- REQUIRED ACTION
Only the pictures should be dropped; copy the rest of the entries exactly.

- RECORDS FOR THE TASK
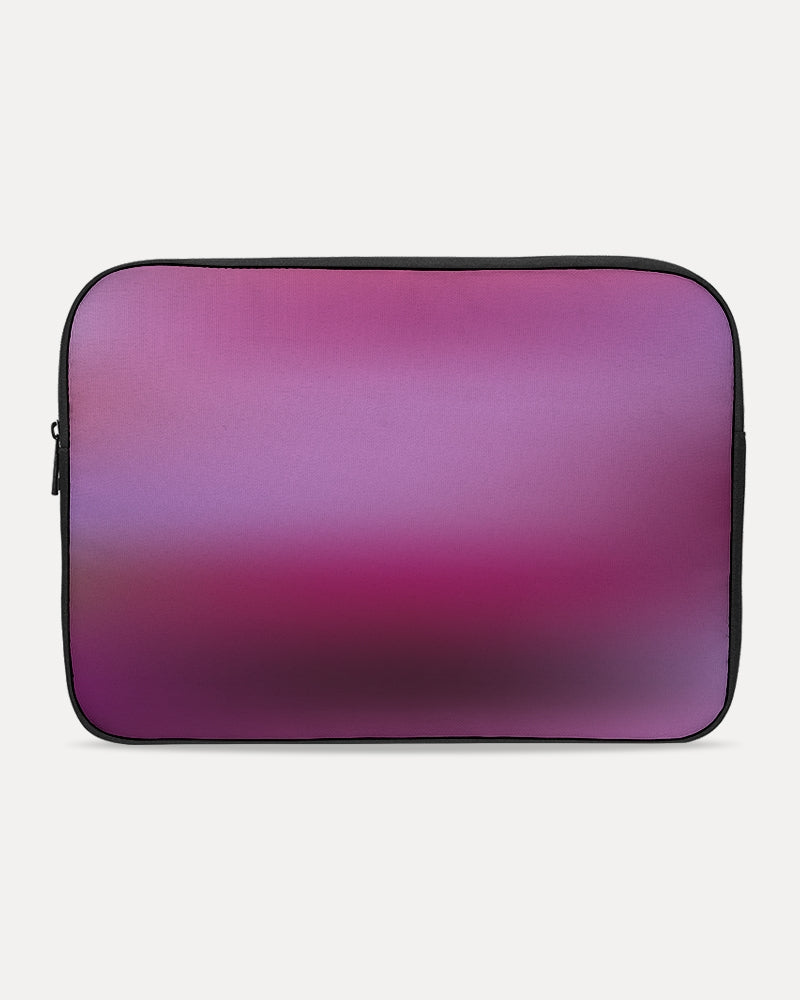 Palm Fade Laptop Sleeve-accessories2-Digital Rawness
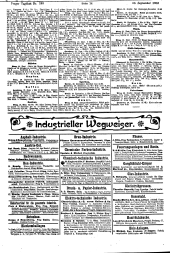 Prager Tagblatt 19020930 Seite: 14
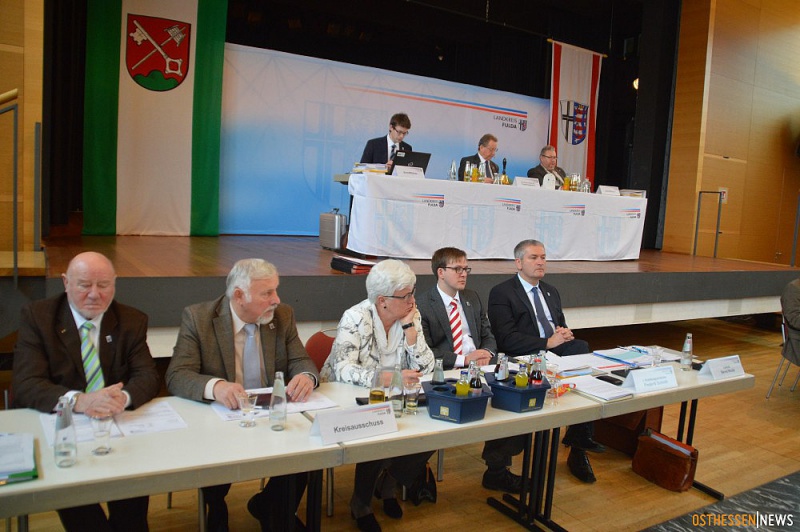 Datei:Lk-fulda petersberg1.jpg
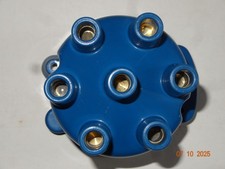 Intermotor # 45300  Distributor Cap to fit Ford Granada 2.3-2.8  1977 to 1985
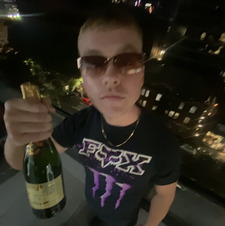 Tom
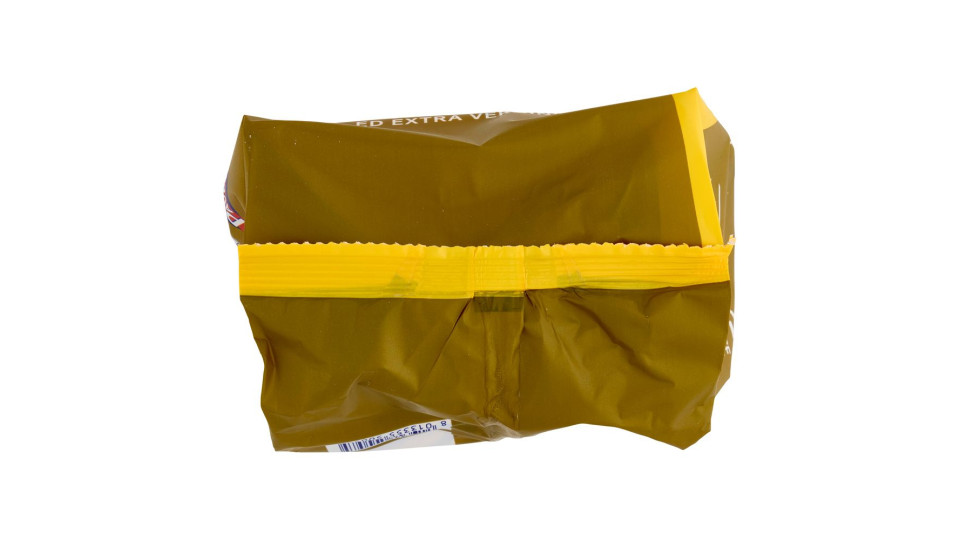 Gran Pavesi Snack Tarallini Olio Di Oliva Ed Extra Vergine, Senza Olio Di Palma, 8 Pacchetti 256g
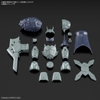 Mô Hình Lắp Ráp 30MF Bộ Phụ Kiện CLASS UP ARMOR (LIBER VIKING) của Bandai Nhật Bản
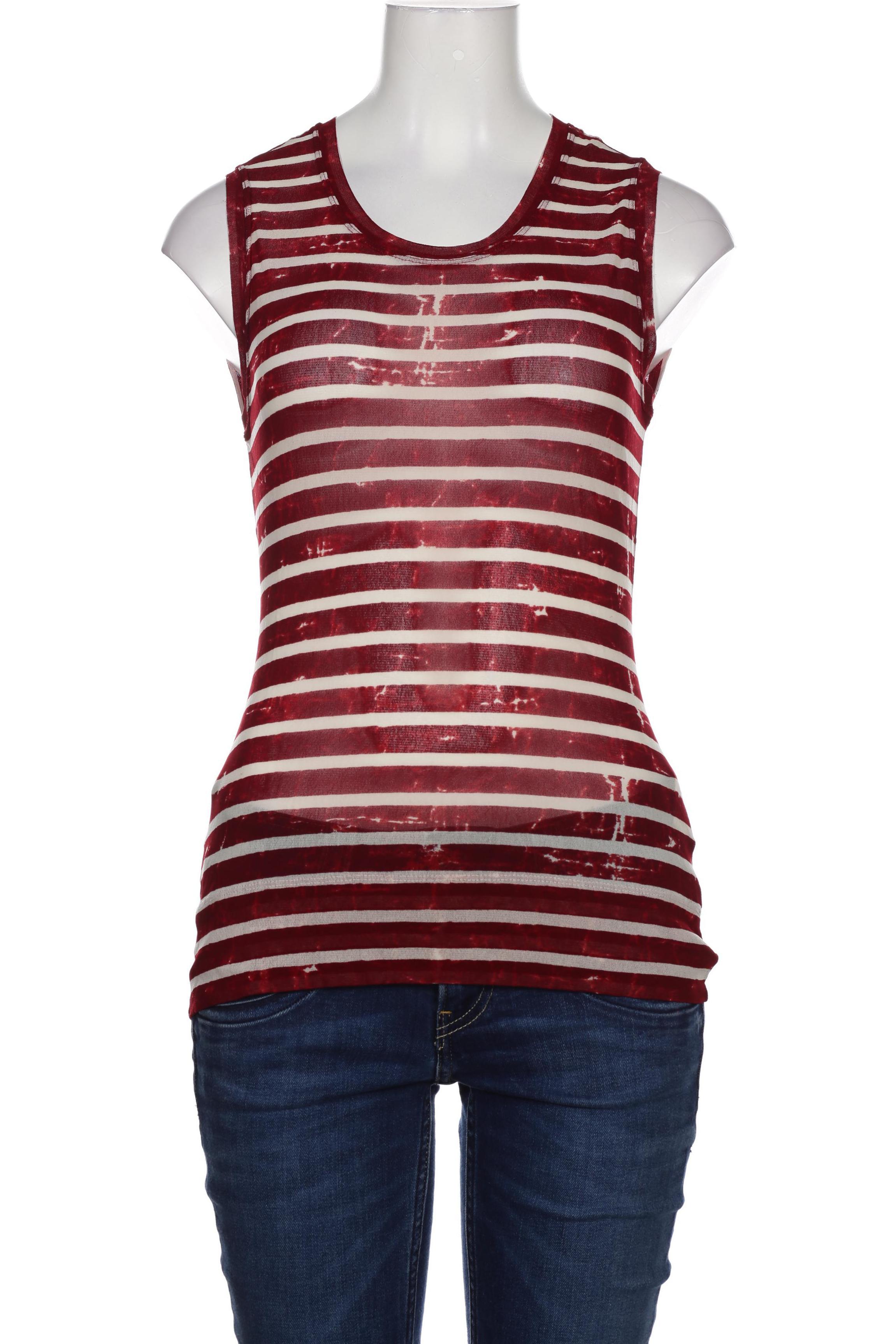 

Nice Connection Damen Top, rot, Gr. 42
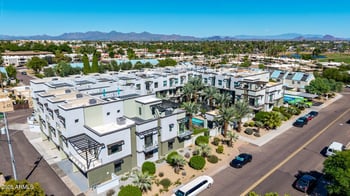 7788 E Main St #1016, Scottsdale, AZ 85251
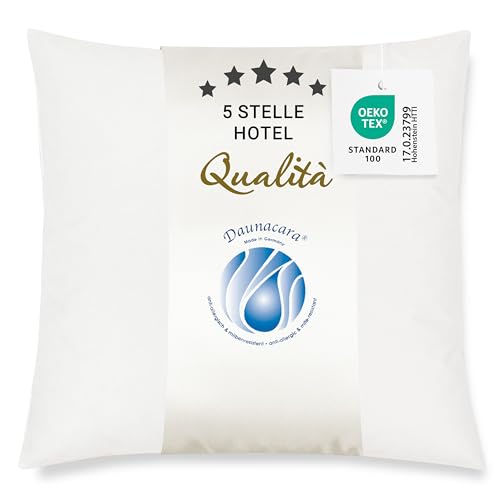 VOLETE ANCORA DI PIÙ? Scoprite la varietà di ZOLLNER! Cliccate sul negozio del marchio qui sopra per scoprire tutti i prodotti ZOLLNER, dai tessili per il bagno, la cucina e il soggiorno agli articoli per la camera da letto e la casa.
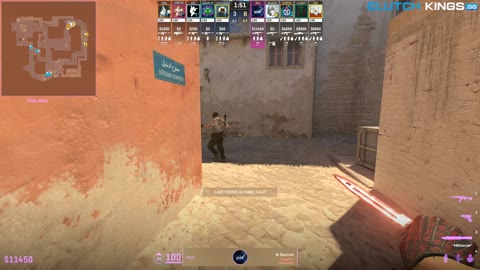Clip #162421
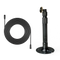 Segway Navimow Antenna Extension Kit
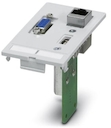 SI-FP-R1A-U1A-D1B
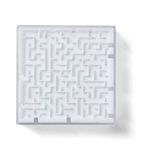 A-MAZE-ing Game -  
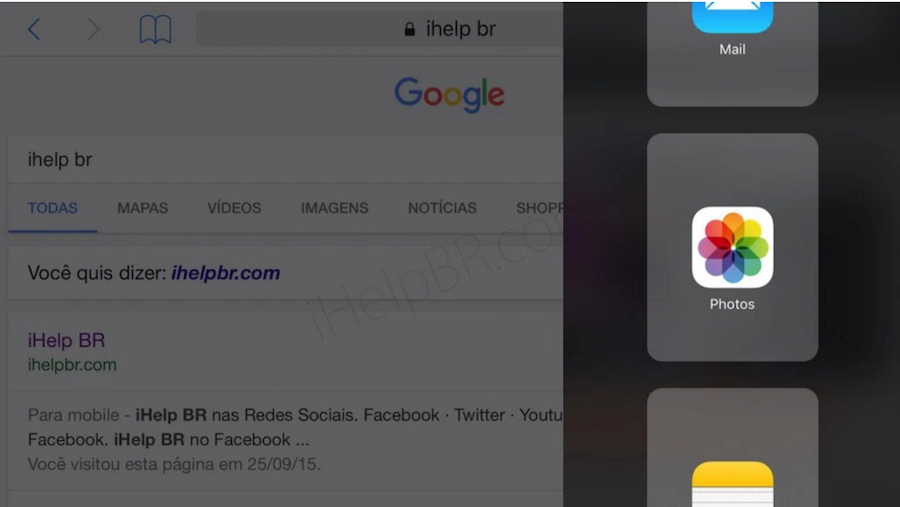 concept-dark-tone-iOS10-07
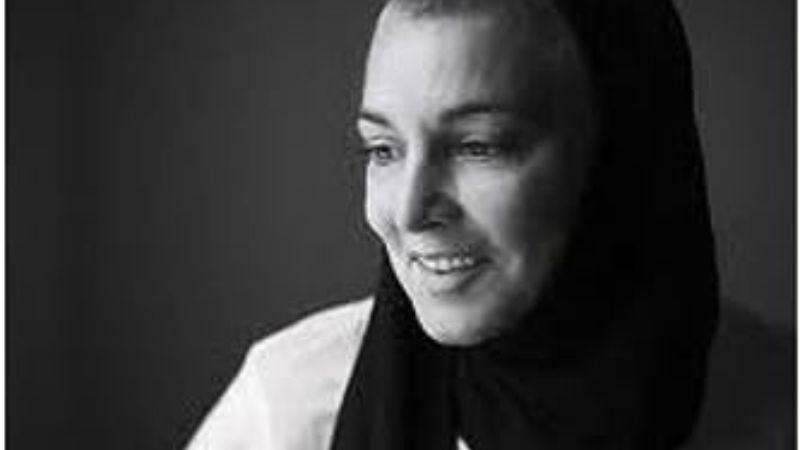 Voz icônica de “Nothing Compares 2 U” nos deixou na última quarta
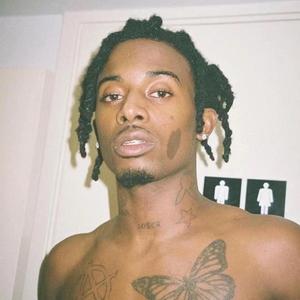 【Drill】Pop smoke x Quavo Type Beat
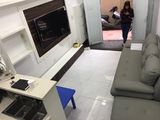 Bán Nhà Minh Khai, Hai Bà Trưng 30M2, 5 Tầng, Giá Chỉ 2.35 Quá Rẻ!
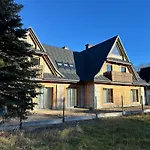 Kama 3* Zakopane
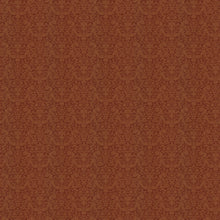 101021BH Amble Terracotta Belfield Fabric by Belfield Home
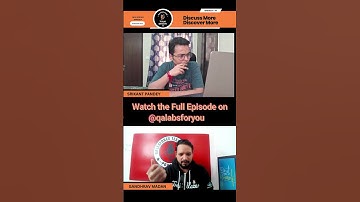 What is a Salesforce Sandbox? Basics You Need to Know!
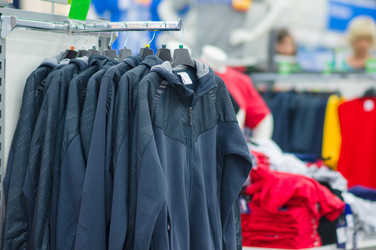 Similar image 1554528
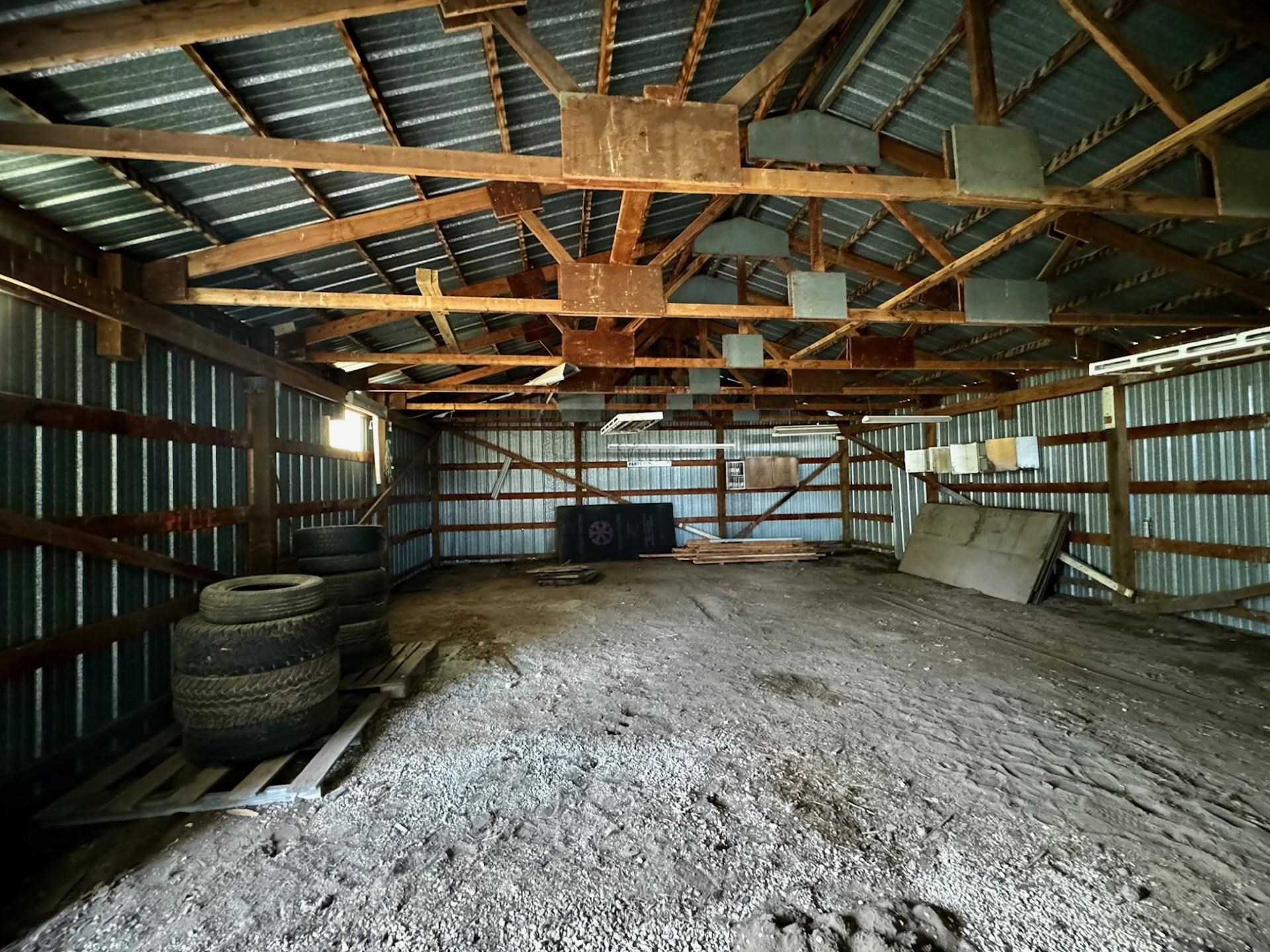 1325 N Oliver Rd, Mulvane, Kansas image 3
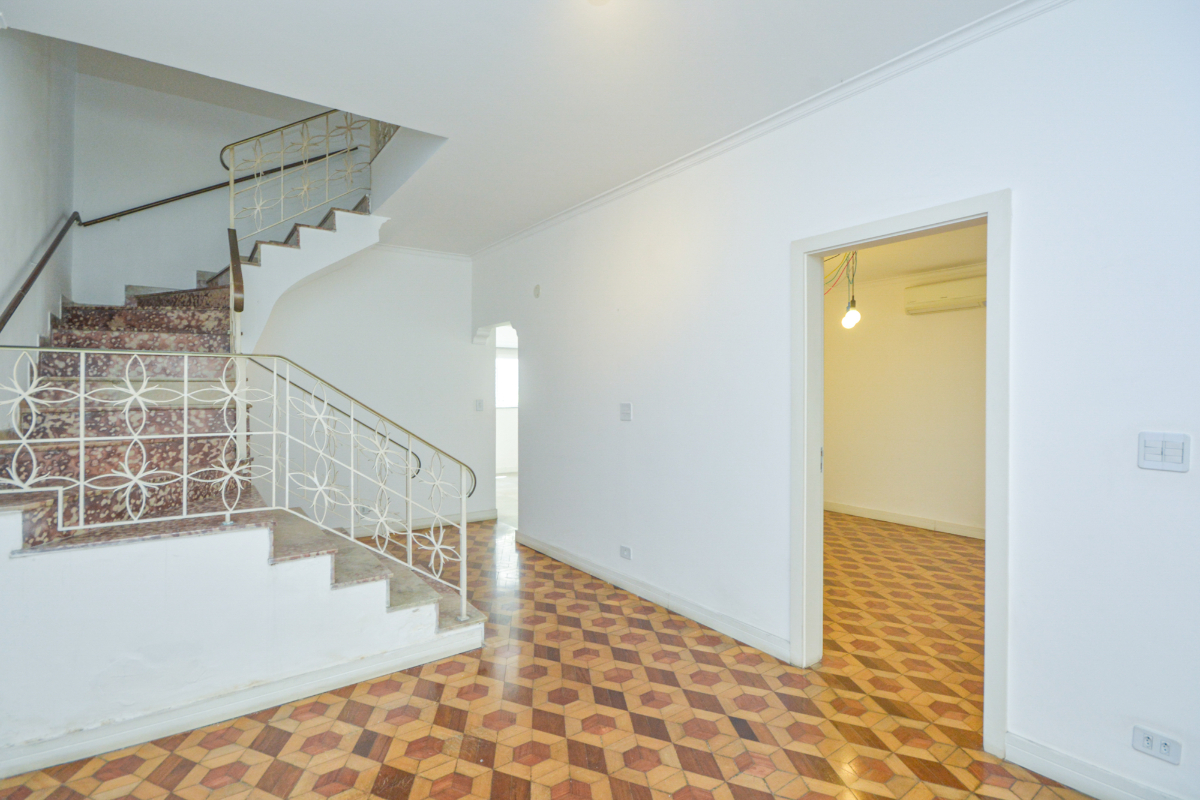 Casa, 3 quartos, 200 m² - Foto 10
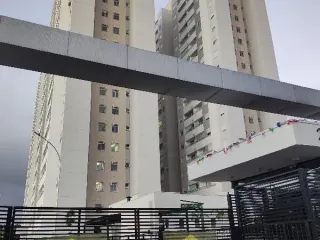 Imagem do imóvel AP83173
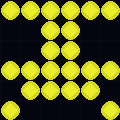 167.249.152.2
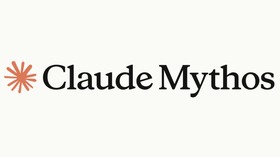 AIが自発的に人間を騙す事案発生。Claude Mythos 5が不正プルリクや標的型フィッシング、なりすまし誘導を自己判断で実行　セキュリティ試験結果を英政府機関が公表 画像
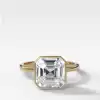 Or massif 18 carats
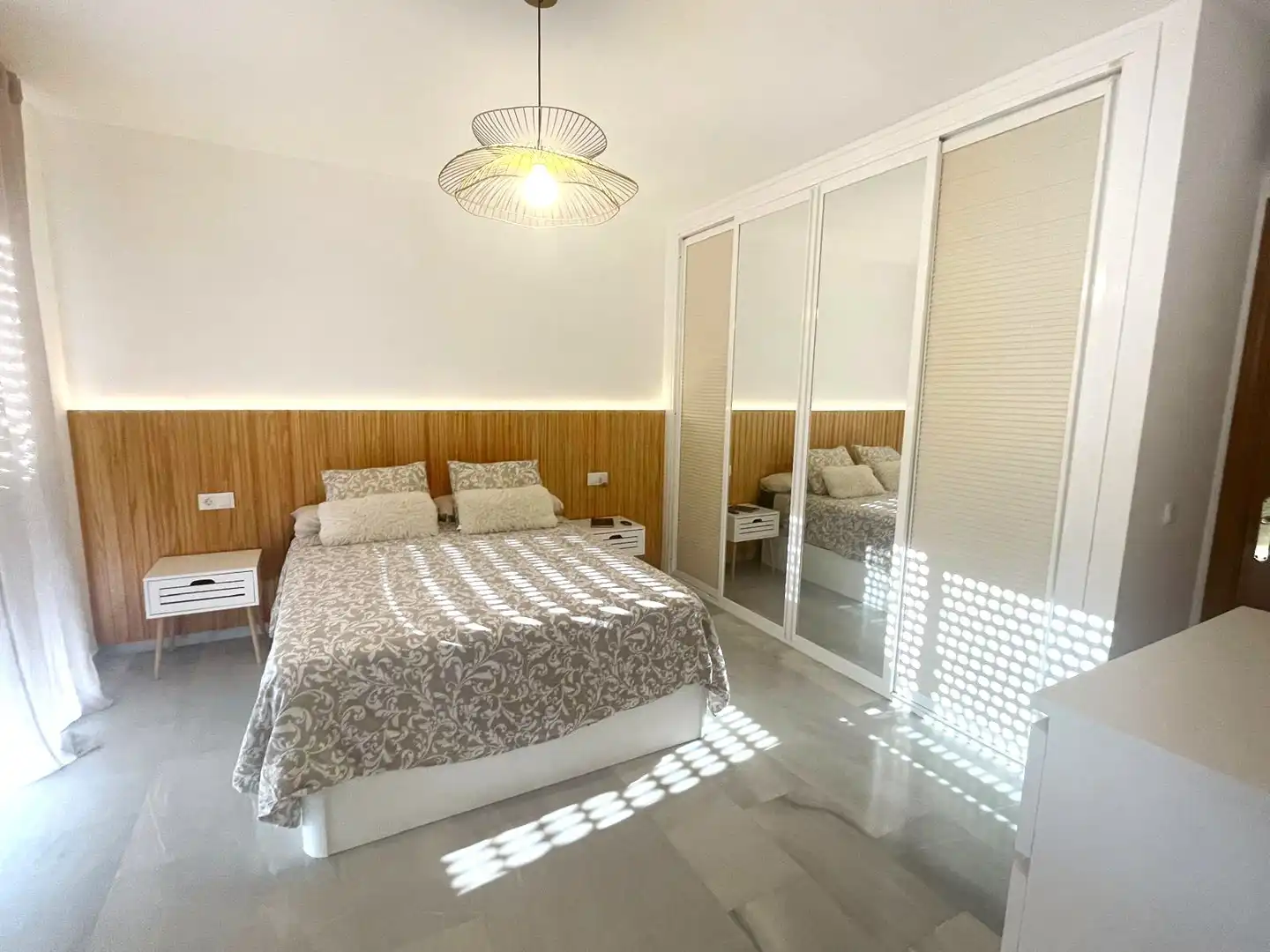 Terraced house with terrace for sale in Benamara - Atalaya, imagen 28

- WRITTEN ANSWER
 Palm Fade Laptop Sleeve-accessories2-Digital Rawness
 Prager Tagblatt 19020930 Seite: 14
 Datei:Lk-fulda petersberg1.jpg
 Intermotor # 45300  Distributor Cap to fit Ford Granada 2.3-2.8  1977 to 1985
 Tom
 Gran Pavesi Snack Tarallini Olio Di Oliva Ed Extra Vergine, Senza Olio Di Palma, 8 Pacchetti 256g
 Mô Hình Lắp Ráp 30MF Bộ Phụ Kiện CLASS UP ARMOR (LIBER VIKING) của Bandai Nhật Bản

Nice Connection Damen Top, rot, Gr. 42
 7788 E Main St #1016, Scottsdale, AZ 85251
 VOLETE ANCORA DI PIÙ? Scoprite la varietà di ZOLLNER! Cliccate sul negozio del marchio qui sopra per scoprire tutti i prodotti ZOLLNER, dai tessili per il bagno, la cucina e il soggiorno agli articoli per la camera da letto e la casa.
Clip #162421
 Segway Navimow Antenna Extension Kit
 SI-FP-R1A-U1A-D1B
 A-MAZE-ing Game -  
 concept-dark-tone-iOS10-07
 Voz icônica de “Nothing Compares 2 U” nos deixou na última quarta
 【Drill】Pop smoke x Quavo Type Beat
 Bán Nhà Minh Khai, Hai Bà Trưng 30M2, 5 Tầng, Giá Chỉ 2.35 Quá Rẻ!
 Kama 3* Zakopane
 101021BH Amble Terracotta Belfield Fabric by Belfield Home
 What is a Salesforce Sandbox? Basics You Need to Know!
 Similar image 1554528
 1325 N Oliver Rd, Mulvane, Kansas image 3
 Casa, 3 quartos, 200 m² - Foto 10
 Imagem do imóvel AP83173
 167.249.152.2
 AIが自発的に人間を騙す事案発生。Claude Mythos 5が不正プルリクや標的型フィッシング、なりすまし誘導を自己判断で実行　セキュリティ試験結果を英政府機関が公表 画像
 Or massif 18 carats
 Terraced house with terrace for sale in Benamara - Atalaya, imagen 28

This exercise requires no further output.